Doubtless somewhat shocked and surprised about GM Chairman/CEO/Non-Car-Guy Ed Whitacre’s decision to take over product planning responsibilities, Automotive News [sub] did some digging into the decision, and offers a full report. According to AN’s GM sources, the decision comes down to one fundamental goal: holding lower-tier executives accountable for decision making. By reducing executive reviews of forthcoming vehicles by one third, or about four times per development cycle, lower-level executives and engineers will have more freedom to make decisions, and will spend more time developing and less time preparing data for executive reviews. And lest you think this decision doesn’t merit your attention, consider this: though GM’s bureaucracy had created incredibly long lead times, most automakers hold about ten executive reviews per new product. By cutting to four, GM is taking something of a step into the unknown.

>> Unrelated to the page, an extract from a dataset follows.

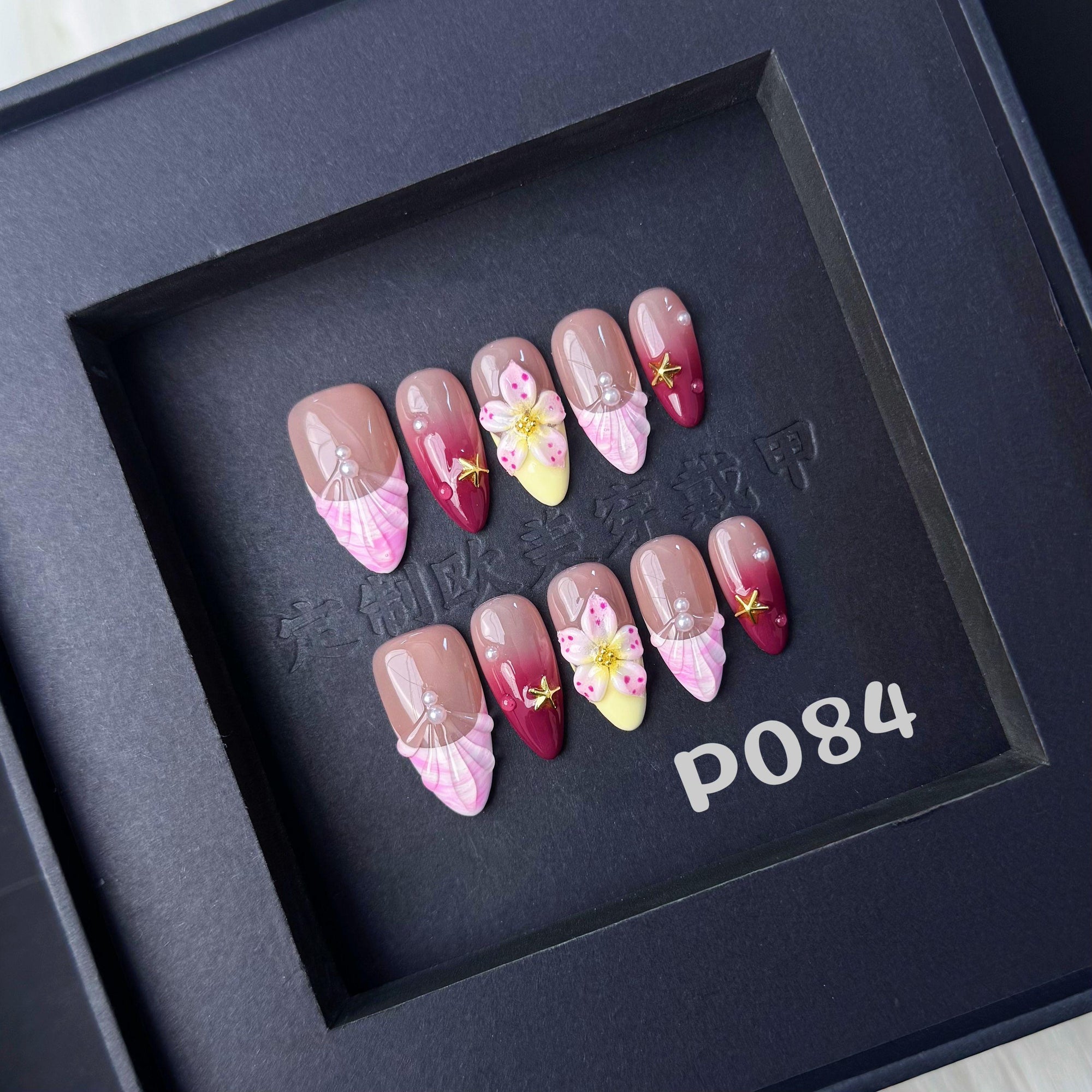 Handmade press on nail P084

They’re trusting the troops below to do the right thing and check in less often
So says former mid- and full-size sedan (currently compact car) supremo Jim Federico, who is clearly a poster boy for this reform. Having spent years in Opel’s headquarters developing the Epsilon II chassis and its various applications, Federico has the kind of hands-on development experience that the new reform seeks to leverage. But, as examples from the Chrysler Airflow to the VW Phaeton prove, simply giving engineers free reign doesn’t always yield vehicles that sell well. And with executives in charge of GM’s business plan checking in on new vehicles less often, how are the newly-empowered engineers and development leads supposed to check their work against the market?

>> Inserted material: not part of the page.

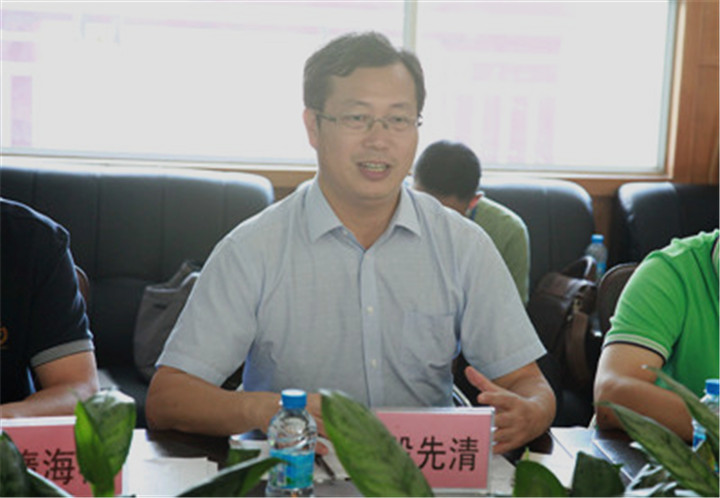 新區公共事業局教科研中心段先清主任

The answer, in a nutshell: Market Research. Having binged on market research-driven development during the Zarella era, GM had moved away from relying on focus groups and survey results under the leadership of Bob Lutz. Lutz was notoriously dismissive of market research, for the simple reason that Lutz knew a good car when he saw one. And if you’re never wrong, who needs to listen to the consumers? Besides, the Lutz school of thought was that a designer’s instincts produced better cars than all the market research in the world. As AN [sub] details, all that is changing now that Lutz is gone.
The now-retired vice chairman brought product planning, which includes market research, under the purview of product development.

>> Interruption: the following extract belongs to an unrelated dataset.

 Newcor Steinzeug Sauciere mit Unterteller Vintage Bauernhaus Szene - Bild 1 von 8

In contrast, Whitacre has added new-product planning head Steve Carlisle to his list of direct reports, which raises questions about the role of research in product decisions.
In short, Whitacre trusts GM’s engineers to execute new products more than he trusts GM’s designers to dream up the cars that the market doesn’t know it wants yet. Whitacre will arm himself with a steady flow of market research and guide planning from a distance, instead of getting personally involved in the technical aspects of development the way Lutz would. The major worry here: GM’s cars were undeniably improved by Lutz’s hands-on approach, which was itself a reaction to the intensely mediocre products created by Zarella’s market research-driven development process. With a non-car guy calling the planning shots based on the latest focus group numbers, GM runs the risk of devolving into Malibu Maxx-era dissipation. On the other hand, engineers like Federico have experienced the successes (and failures) of the Lutz Way, and are, in theory, acting like hundreds of mini-Lutzes, obsessing over the details and execution of every new product.
Lutz’s influence on GM’s recent products helped set the stage for a reborn General Motors, but one generation of vehicles can’t undo decades of decline. GM’s new product development approach will have to build relentlessly on recent improvements if it wants its consumer reputation to eventually match the quality of its products.